Irrespective of the different outcomes, technology is increasingly becoming the preferred tool for those fighting ecological decimation. Equipment like CCTVs, drones, thermal imaging have strengthened the hands of forest officials across the world for some time now. There seems to be great potential in the simpler, ubiquitous, smartphone too. Applications like ForestLink have helped counter illegal mining in the Amazonian rainforest — an example of the avarice of corporations that feeds on the apathy of administrations. Members of the Masenawa community in Peru documented an illegal gold mine in the forest and secretly sent the link to officials who then dismantled the setup. India is not a stranger to these digital novelties either. In Gorumara National Park, RoadWatch — an app supported by the Wildlife Trust of India — helped local people as well as commuters document instances of road kill on a thoroughfare that the district magistrate had agreed to shut down but then chosen to sit on the pledge.
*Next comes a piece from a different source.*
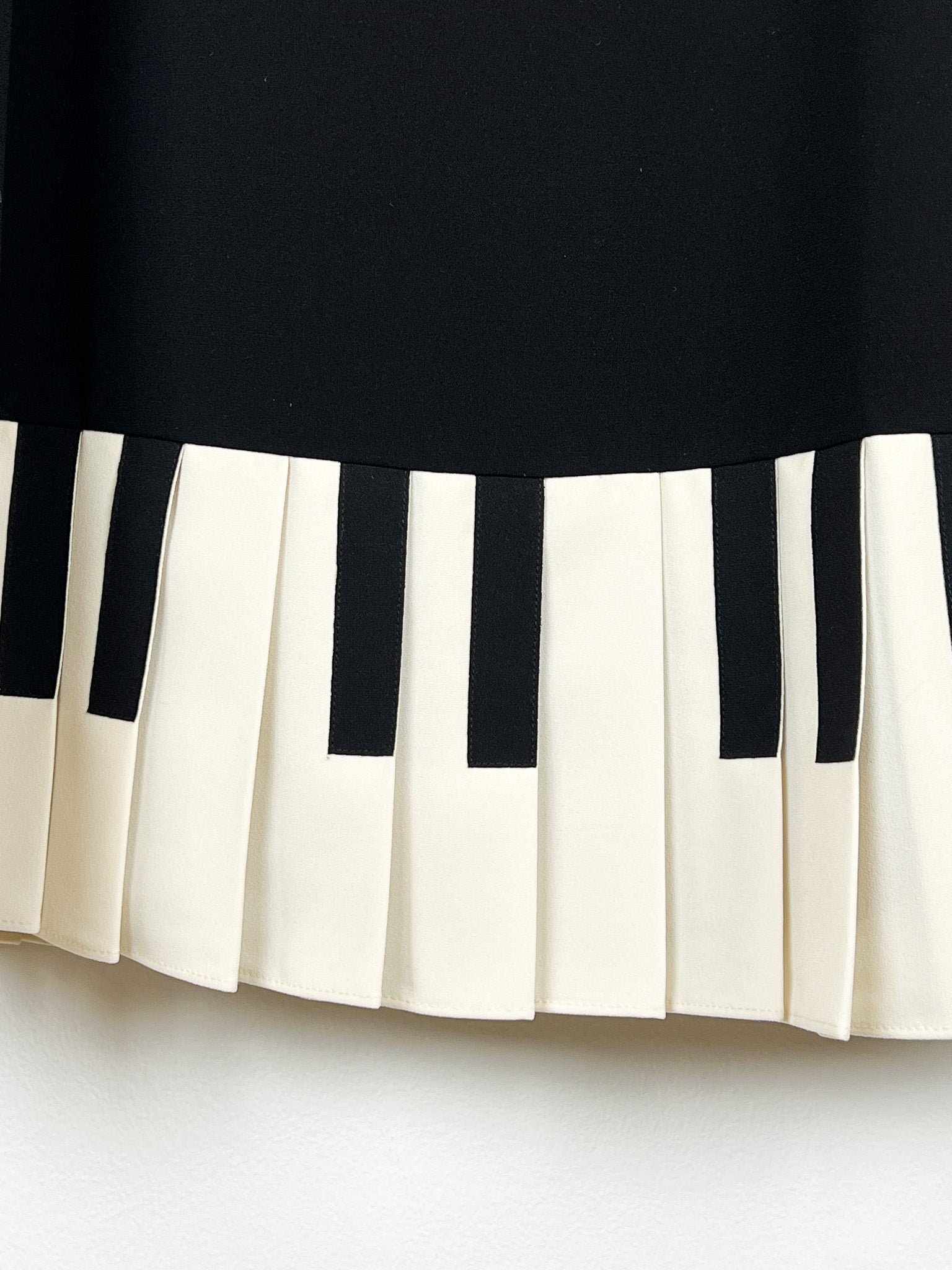 Moschino Cheap and Chic 2000s Black Piano Key Pleated Hem Shift Dress - IT 42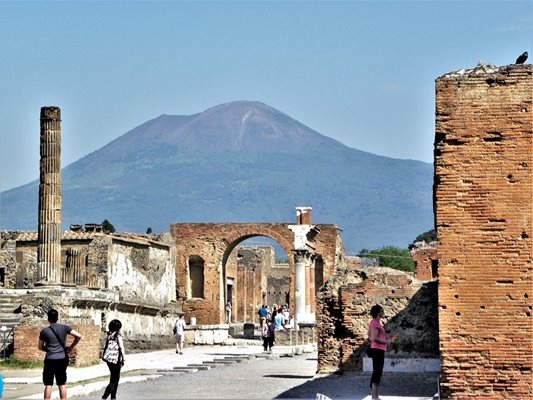 Руините на Помпей излизат на бял свят през XVIII в.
These mobile apps shed light on things other than illegalities and transgressions threatening the environment. There are apps to identify endangered species from photographs. These have proved invaluable to law enforcement officials who have often had to rely on outdated reference books and lists to apprehend and prosecute those involved in illegal animal trade. (Romeo’s status on the IUCN Red List has not been updated since 2004.) The smaller the animal, the scantier the information on it. Technology thus helps plug gaps both in knowledge and manpower.

The most important link forged by technology, though, is the one with people. Be it those who crowdfunded the search for Juliet, the members of the Masenawa tribe or the ones who documented animal deaths in Gorumara, it is community participation that helped script the success stories. Making ordinary people stakeholders in conservation can have a measurable impact on policymaking. Alas, no one told this to the Italian Romeo. Would he have stood a chance if he had society and Tinder by his side?